Pictures with short captions:
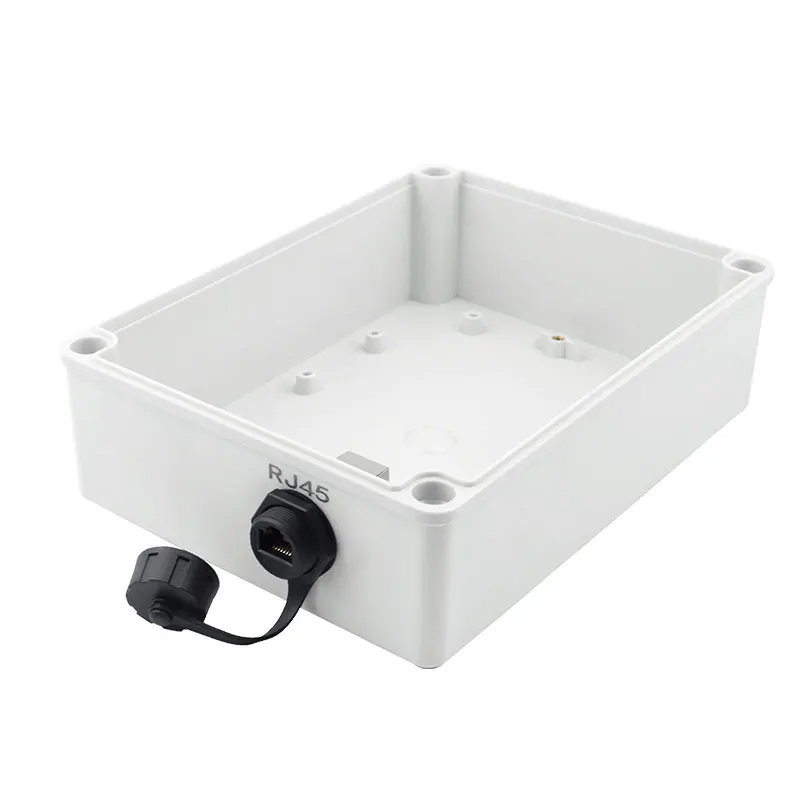 Waterproof Industrial Cat5 8P8C Aviation Male Plug Female Socket Ethernet Network RJ45 Connector Adapter 20.8 hole |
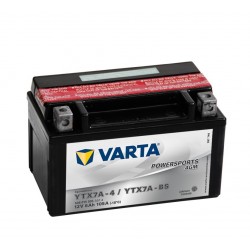 BATERIA MOTO 12V 6AH YTX7A-4 / YTX7A-BS VARTA AGM 50615
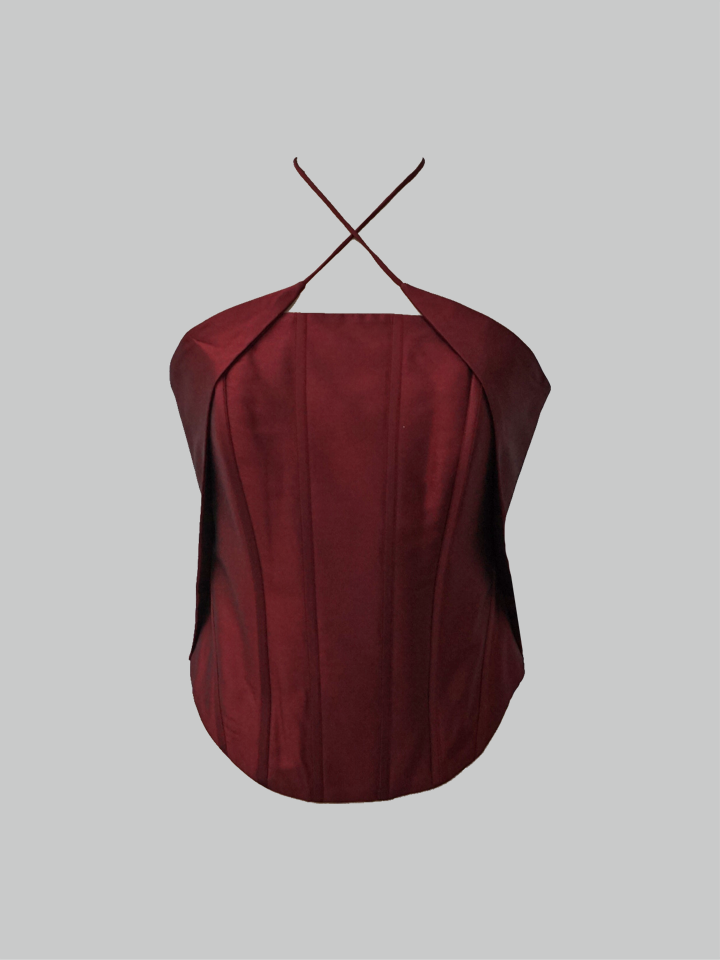 FW25 Spades Corset Top 405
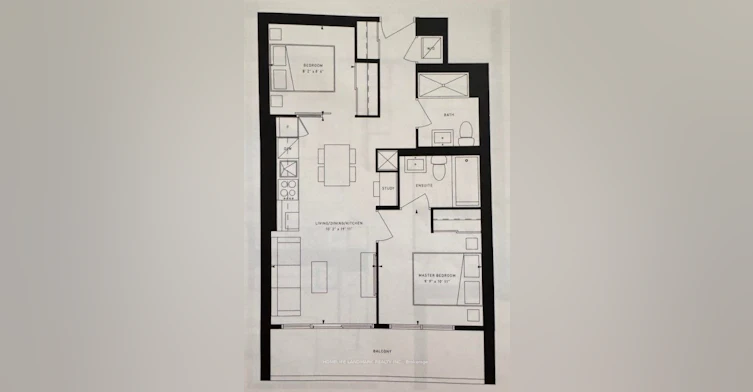 2905-5 Buttermill Avenue, Vaughan, ON, L4K 0J5 - 8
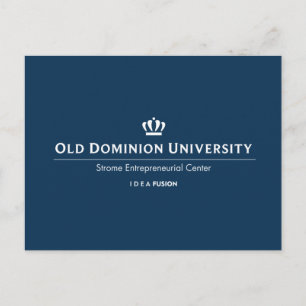 ODU Strome College of Business Postcard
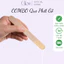 5 Que Gỗ Tiệt Trùng Bôi Sáp GLOW WAXING Size Lớn Chuyên Dùng Phết Sáp Wax Lông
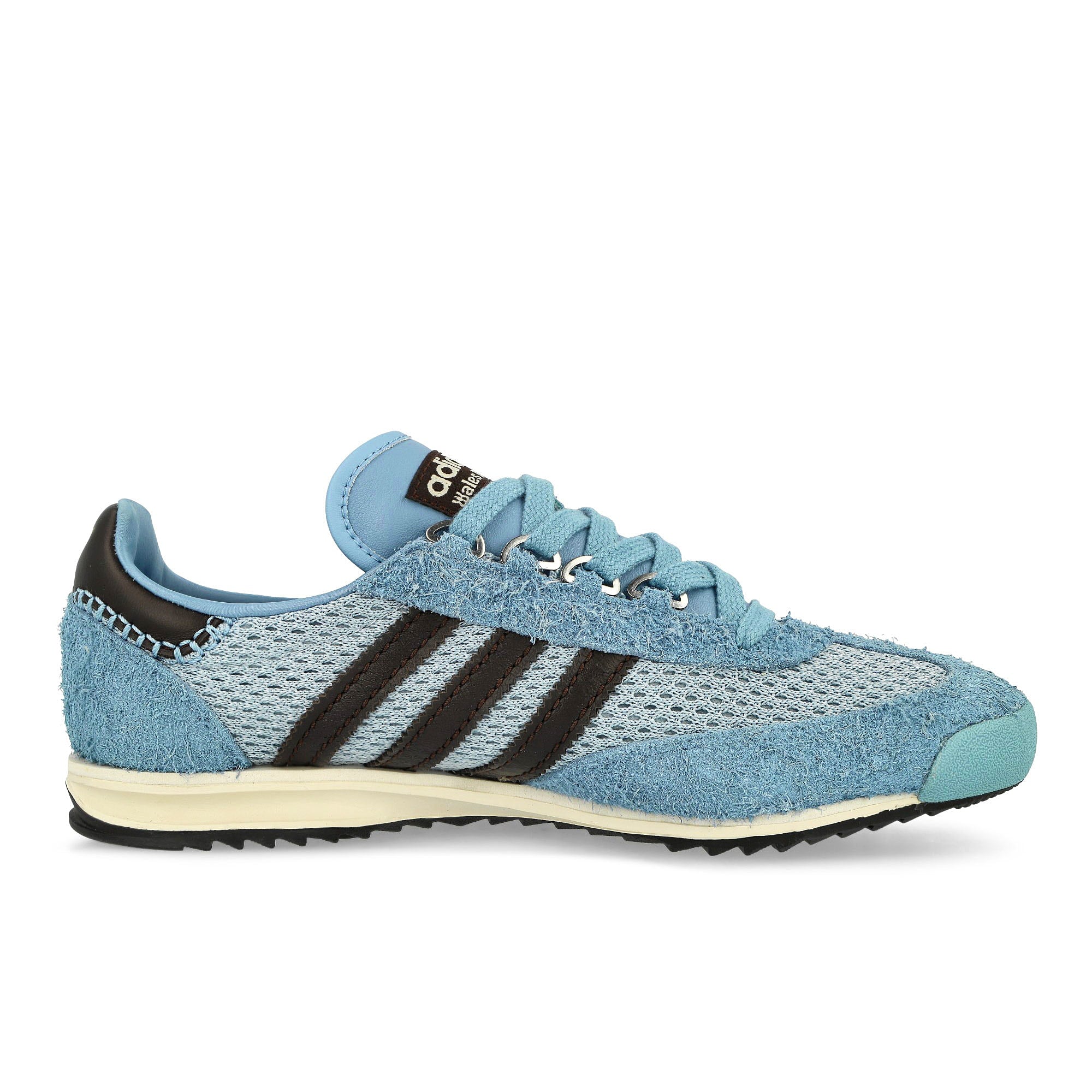 adidas SL 76 Ash Blue / Core Black / Ash Blue Low Top Sneakers Silhouette | Overkill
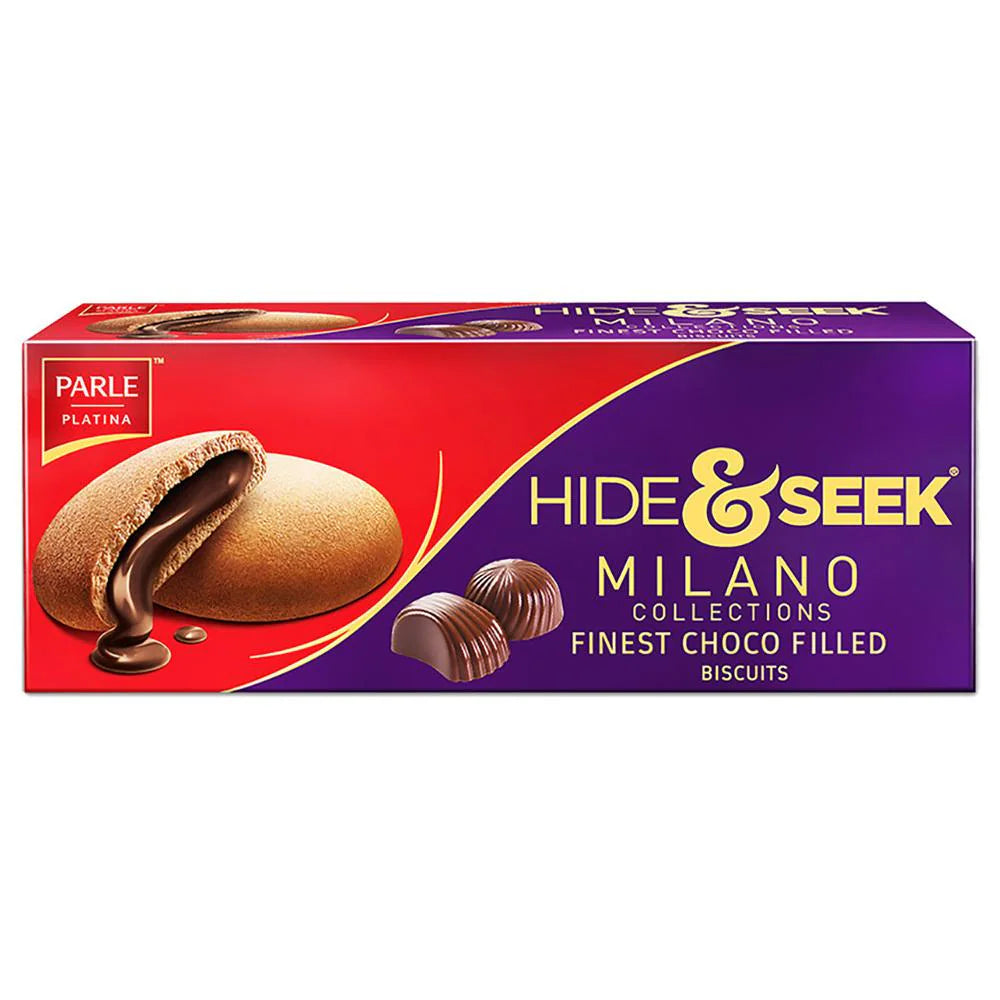 Parle Hide & Seek Milano Choco Filled Biscuits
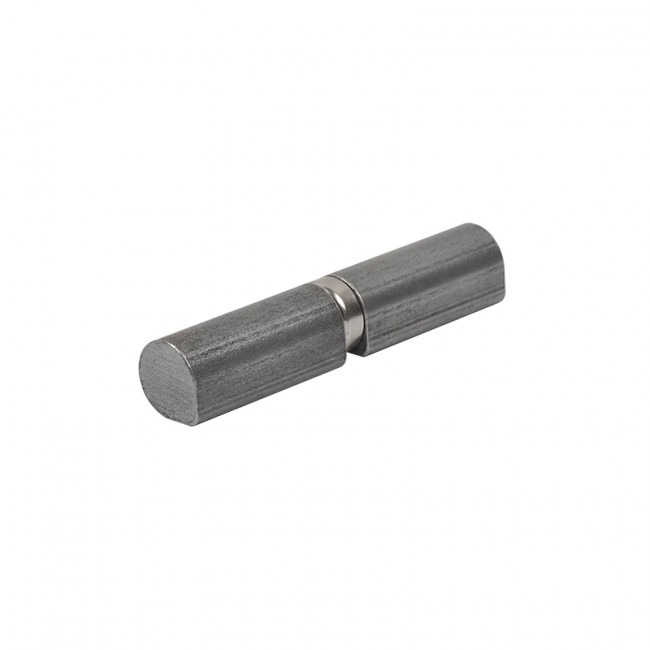 Петля гаражная Петля с подшипником без покрытия 20х110 мм Петля гаражная Петля с подшипником без покрытия 20х110 мм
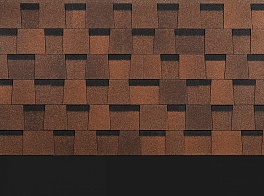 Ламинированная черепица Döcke Dragon Standart, Темно-Серый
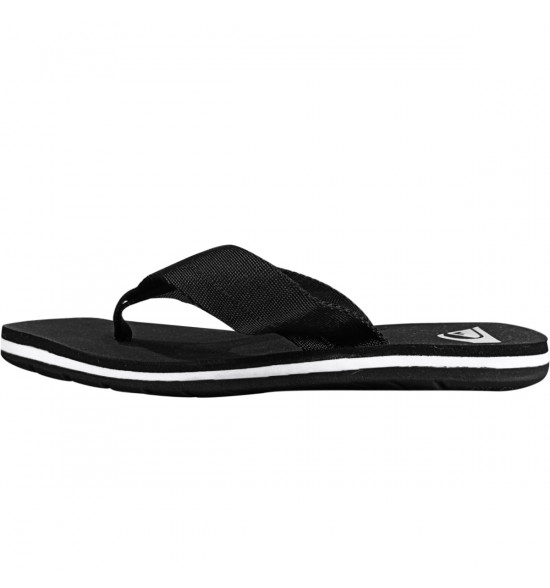 Chinelo Quiksilver Layback Omni Basic Preto - 3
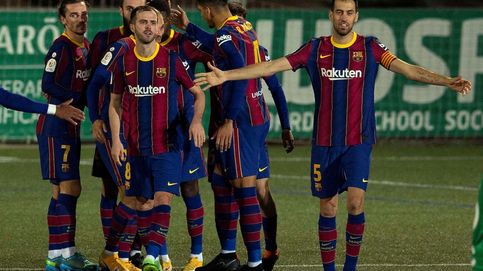 Dembélé salva al Barça del desastre en Cornellà con un picotazo en la prórroga (0-2)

→ **TO DO**: Copy word for word each line of the data above, from the first through the one containing "ODU Strome College of Business Postcard", and include no pictures.

→ **WRITTEN ANSWER**:
 Waterproof Industrial Cat5 8P8C Aviation Male Plug Female Socket Ethernet Network RJ45 Connector Adapter 20.8 hole |
 BATERIA MOTO 12V 6AH YTX7A-4 / YTX7A-BS VARTA AGM 50615
 FW25 Spades Corset Top 405
 2905-5 Buttermill Avenue, Vaughan, ON, L4K 0J5 - 8
 ODU Strome College of Business Postcard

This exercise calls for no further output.